> _Your instructions_:
Would you write out every record that follows exactly, with the pictures left out?

Data listing section start

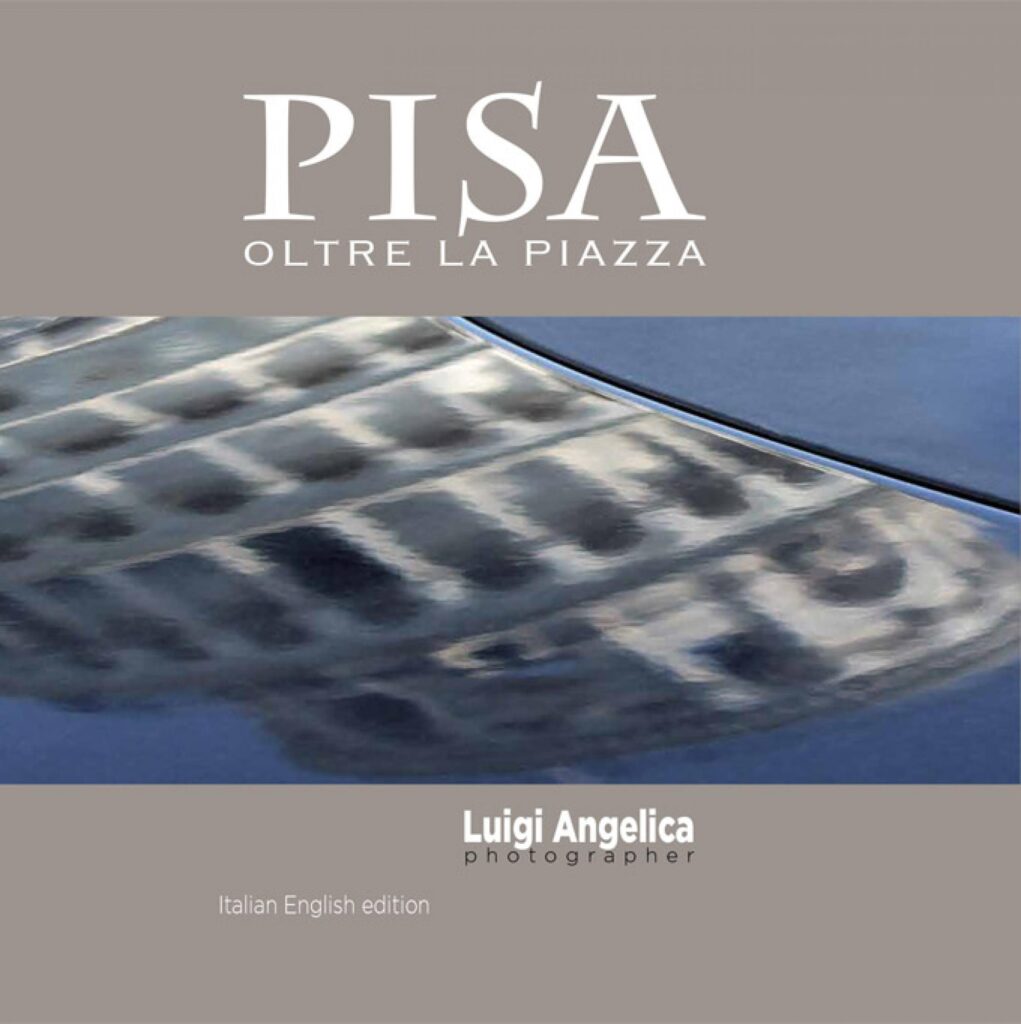 Copertina &middot; Pisa oltre la piazza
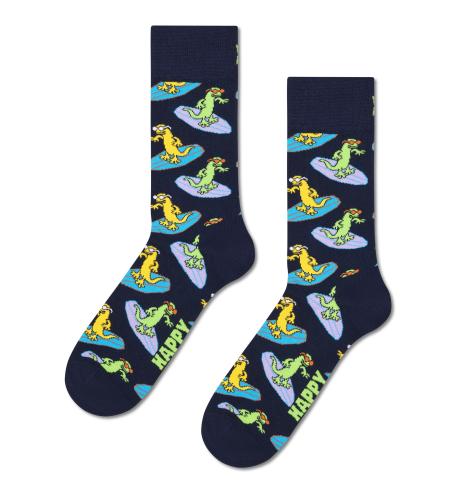 Afbeelding voor product Sokken van het merk Happy Socks in het Marine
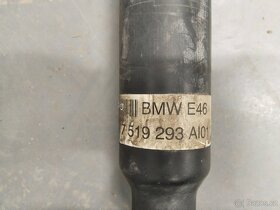 Kardan BMW e46 318i 318ci - 2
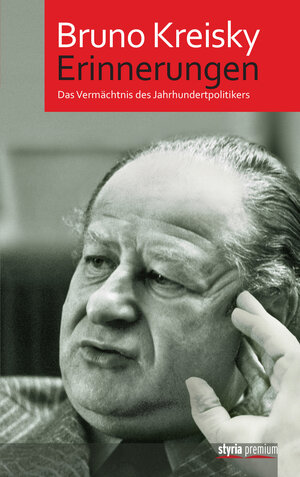 Buchcover Erinnerungen | Bruno Kreisky | EAN 9783990402665 | ISBN 3-99040-266-8 | ISBN 978-3-99040-266-5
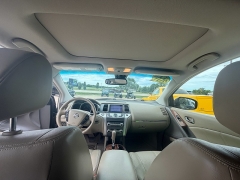 Used 2014  Nissan Murano 4d SUV AWD LE at AutoSmart Spirit Lake near Okoboji&comma; IA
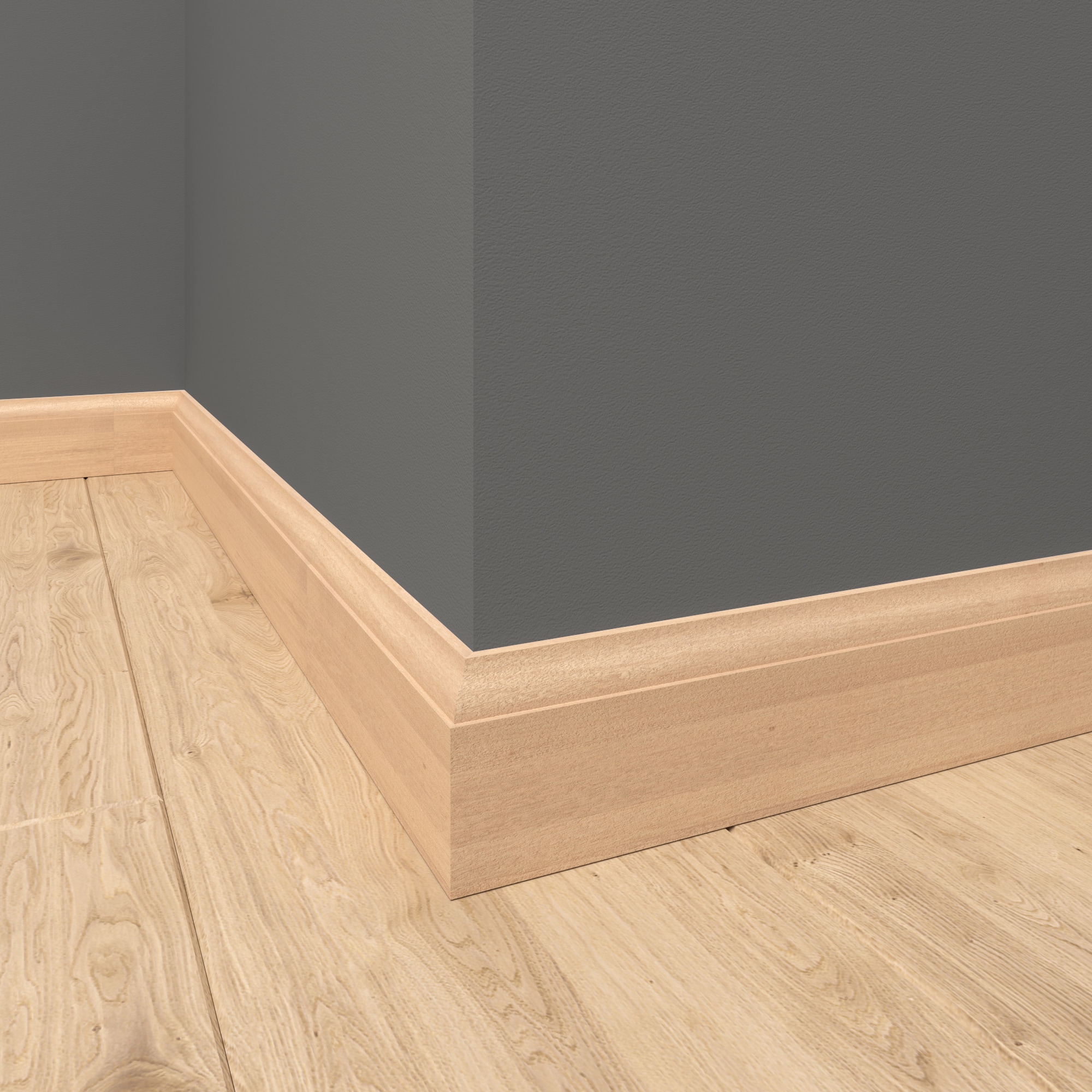 RELIABILT L 627 8PINE Baseboard-Moulding - View #2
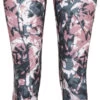 Dare 2b Influential Panty's Dames, Bont -Sport- En Outdoorkleding dare 2b influential tights women mesa rose abstract floral print 1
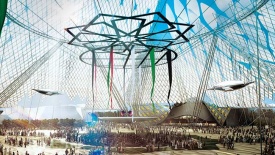Parsons to create infrastructure for Expo 2020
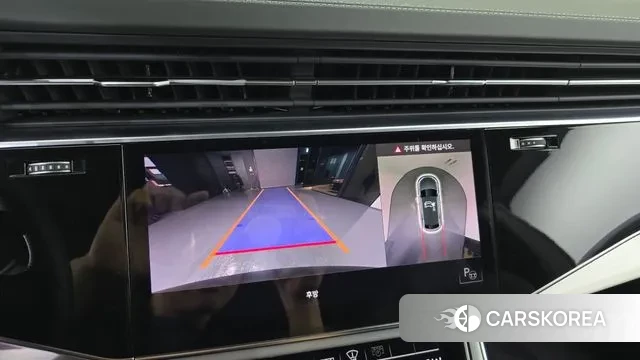 Audi Q8 (4M) 2022 Черный из Кореи, фото 6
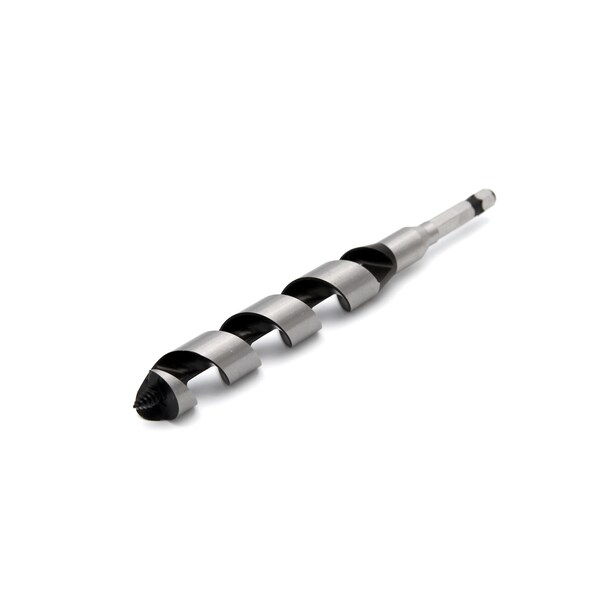 Standard Spurred Auger 13" x 1-1/8" No 4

Data listing section end

> _Task answer_:
 Copertina &middot; Pisa oltre la piazza
 Afbeelding voor product Sokken van het merk Happy Socks in het Marine
 Kardan BMW e46 318i 318ci - 2
 Buchcover Erinnerungen | Bruno Kreisky | EAN 9783990402665 | ISBN 3-99040-266-8 | ISBN 978-3-99040-266-5
 Used 2014  Nissan Murano 4d SUV AWD LE at AutoSmart Spirit Lake near Okoboji&comma; IA
 RELIABILT L 627 8PINE Baseboard-Moulding - View #2
 Dare 2b Influential Panty's Dames, Bont -Sport- En Outdoorkleding dare 2b influential tights women mesa rose abstract floral print 1
Parsons to create infrastructure for Expo 2020
 Audi Q8 (4M) 2022 Черный из Кореи, фото 6
 Standard Spurred Auger 13" x 1-1/8" No 4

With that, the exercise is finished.